Anyone else think we're two, maybe three, dynamic pricing cycles away from homeruns being a viable strategy at 80-100M (if not even a little higher) open style leagues?
11/5/2016 12:20 AM
I agree. As the deadball pitchers become more expensive, post-1919 pitchers will become more viable options. When the sim first started, strong offenses could be built around power and most pitching staffs didn't have primarily deadball pitchers.

Three cycles of dynamic pricing have altered strategy at the highest cap levels. A core 9-man lineup that would be strong at a $255M cap now costs $144M to draft. As there are more dynamic pricing changes, that impact will filter down to lower caps.
11/5/2016 8:26 AM
And will WIS/Fox at long last get their act together, do whatever code/system conversions they need to do, and finally fix deadball era pitchers so they don't have magical powers?
11/6/2016 8:32 AM (edited)
Another point about this:

When we get to the stage ozo' has described, SLB will become even more offensively skewed and the culprit will be even more shown to be WIS' artificially boosting batting as they described years ago, by "ten percent."

That is, unless WIS intervenes and starts improving their coding again.

#doomandgloom
11/6/2016 2:30 PM
For just an anecdotal illustration, coincidentally, I threw a team into an Open League with the Cubs' 2016 starting rotation. There, in five innings pitched, Jason Hammel just gave up six home runs (four in the second inning - game).

#SLBapocalypse #theendisnear ;-`
11/6/2016 2:44 PM (edited)
But Oze, after looking it over further, there are so many dead-ball pitchers and so many whose salaries have stayed basically the same, that I don't think market-based salaries are going to have a great impact for any foreseeable future.
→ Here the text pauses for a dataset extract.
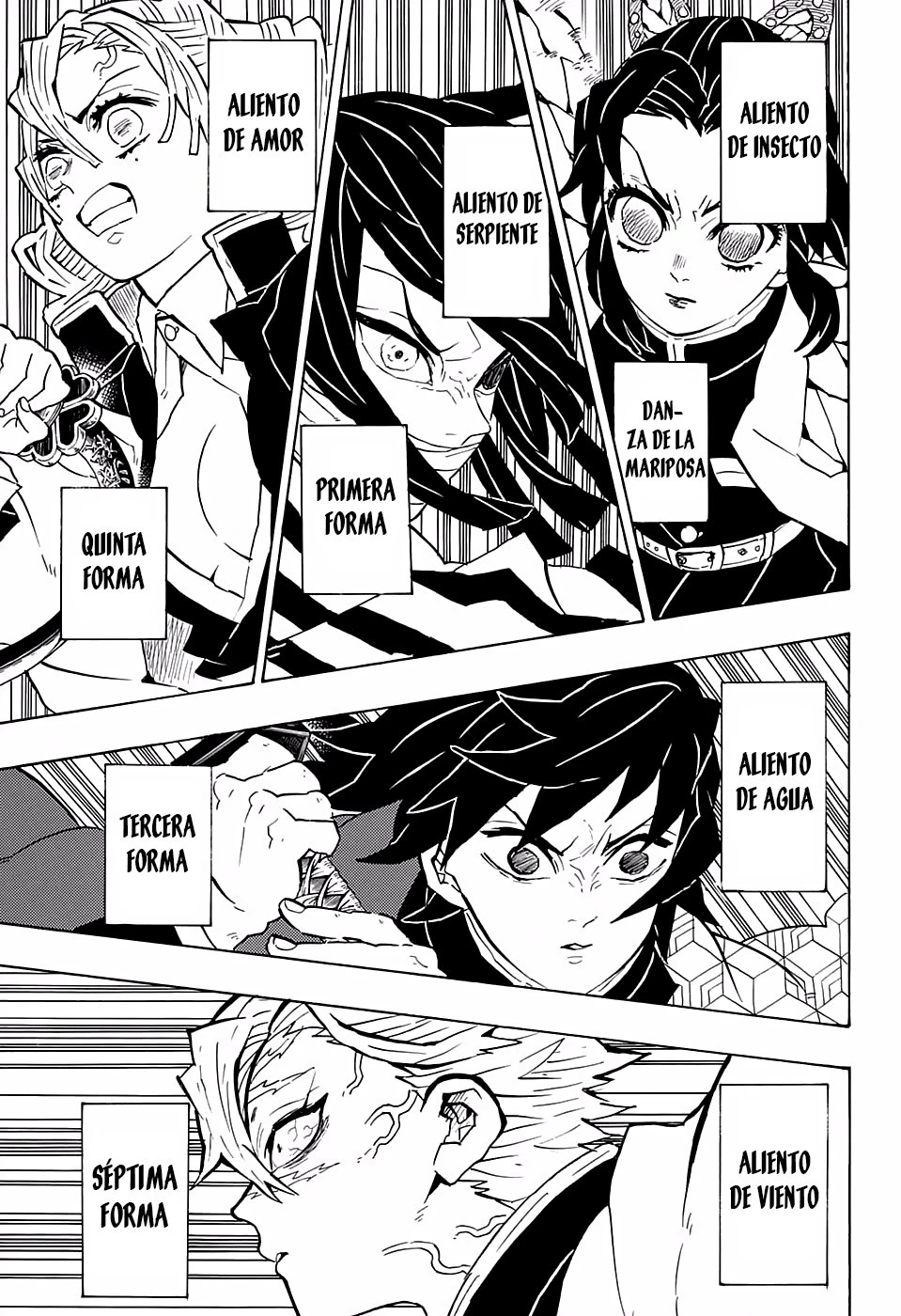 Read Demon Slayer Kimetsu no Yaiba ES Manga Online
And the future of SLB is very unforseeable, if they don't make improvements to their logic. There is no getting around the fact that WIS has a deep-seated Magic Deadball Pitcher flaw.
11/28/2016 1:00 PM
there is really no way you can realistically use the deadball era...it was a different game.....lesser equipment... and of course.no way to seperate pitchers on home run potential.....it is fun but but cant really compare or normalize....how about pitching speeds...obviously slower...had to be...how could they pitch 800 innings in a season.
11/28/2016 1:32 PM
Until strikeouts matter, or deadballers somehow give up way more HRs, deadballers will always be the way to go. Either of those requires a major code change.

There are just too many deadballers... I think people will just move on to different ones if the old standbys get too expensive.
11/29/2016 9:22 AM
It appears to me the engine is broken - HRs and offense in general just seems way out of whack. It appears to have more randomness as well, in terms of players with considerably better metrics across the board are too often playing terribly as compared to far lesser statistical players...

just seems pitching is out of whack, and offense is way overemphasized.

When was the last time there was any update to the engine itself of significant... between this imbalance and the just terrible job this site does with the utter lack of SimLive capabilities on any machine built after 2010 I hate to say it, but a decade or so playing here may about to come to an end. Engine out of balance, no Live (one of the primary reason I and many others loved this site) and no real communication from the ownership to boot. 
11/30/2016 1:15 PM
Lots of variables in open leagues, period. There are usually enough mediocre teams out there to win with a power hitting team. It was being done prior to dynamic pricing. But yes, the code is written to favor deadball pitching, intentionally or otherwise. When facing modern hitters, they should be surrendering at least a moderate amount of homers, and more XBH.
11/30/2016 10:30 PM
Seems like an easy fix to me, but I'm not that smart. Make XBH allowed based on ERA#, which I think it already is, then determine the type of extra base hit based off of park metric and batter real life 2b, 3b, and HR# numbers. Forget homerun allowed numbers altogether. Is this too simple/dumb to work?
12/4/2016 1:20 PM
you guys are way past me in my understanding of stats...im not being humble when i say that...this could be stupid but if they gave all deadball pitchers an automatic .5 home runs per 9 innings and then applied their pitching stats to that number to bring it up or down maybe that could make it more realistic...the designated number could be different then .5.
but that number would only be to normalize against hitters after 1920...you wouldnt want that in deadball era games.